__Dataset records__.
----------
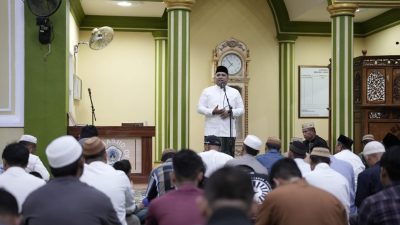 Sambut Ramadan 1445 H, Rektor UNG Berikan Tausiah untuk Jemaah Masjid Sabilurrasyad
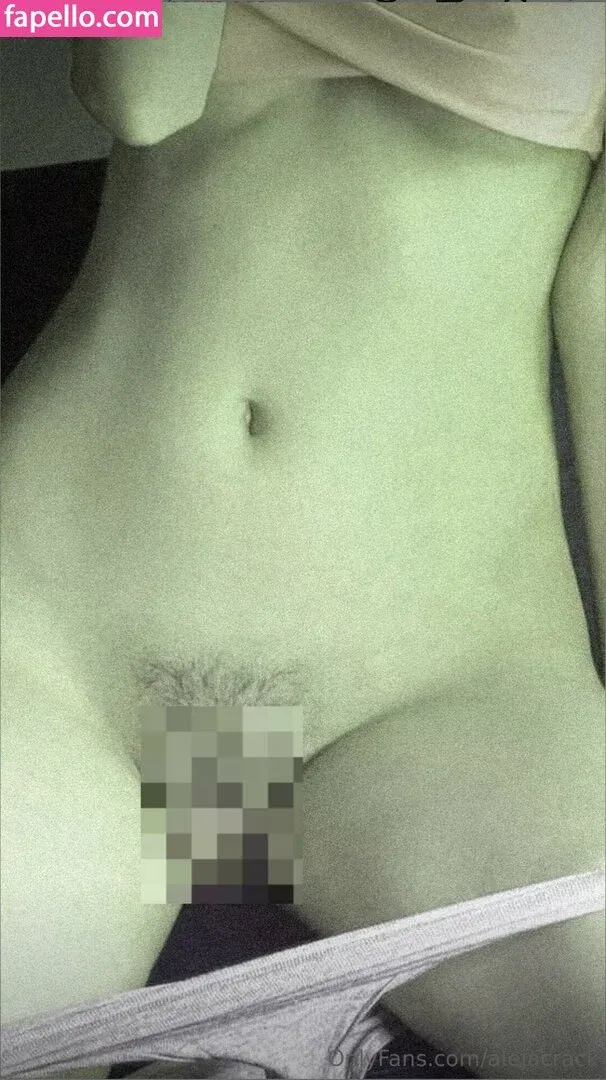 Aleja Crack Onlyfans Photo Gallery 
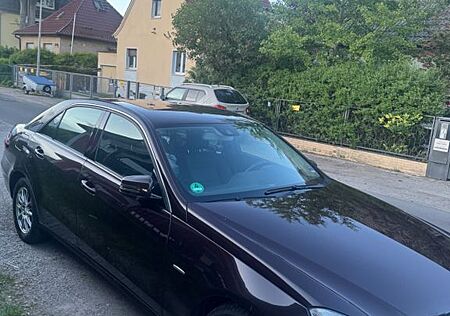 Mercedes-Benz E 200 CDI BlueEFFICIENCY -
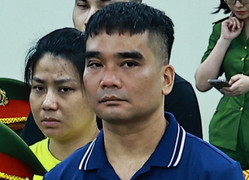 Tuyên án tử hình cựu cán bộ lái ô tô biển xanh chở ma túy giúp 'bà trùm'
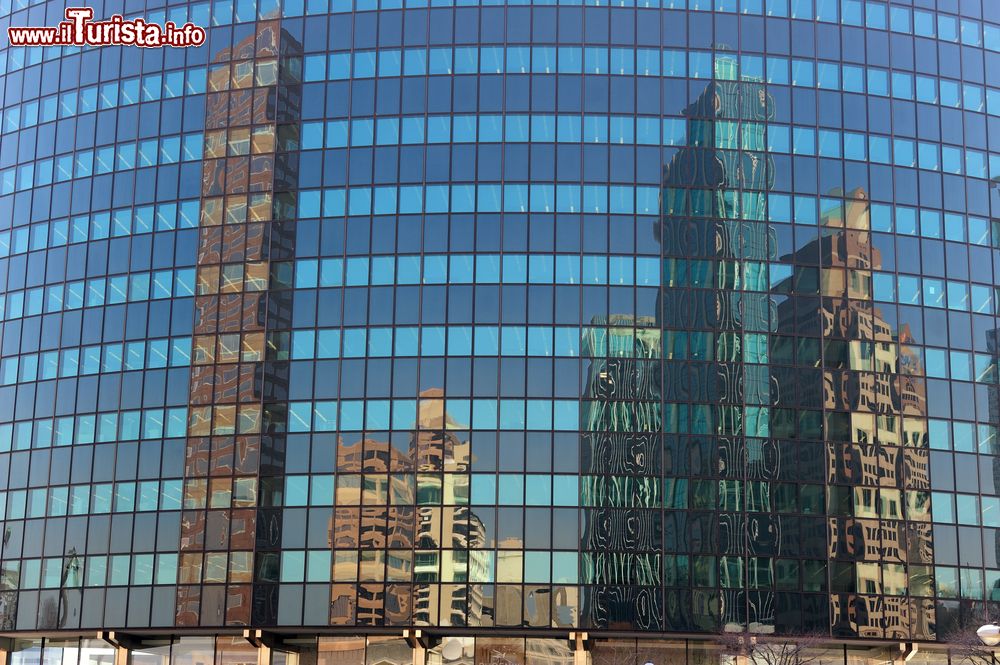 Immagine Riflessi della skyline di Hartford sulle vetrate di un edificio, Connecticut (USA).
----------
__Brief__. Restate the records above verbatim. Pictures stay out.

__Exercise result__.
 Sambut Ramadan 1445 H, Rektor UNG Berikan Tausiah untuk Jemaah Masjid Sabilurrasyad
 Aleja Crack Onlyfans Photo Gallery 
 Mercedes-Benz E 200 CDI BlueEFFICIENCY -
 Tuyên án tử hình cựu cán bộ lái ô tô biển xanh chở ma túy giúp 'bà trùm'
 Immagine Riflessi della skyline di Hartford sulle vetrate di un edificio, Connecticut (USA).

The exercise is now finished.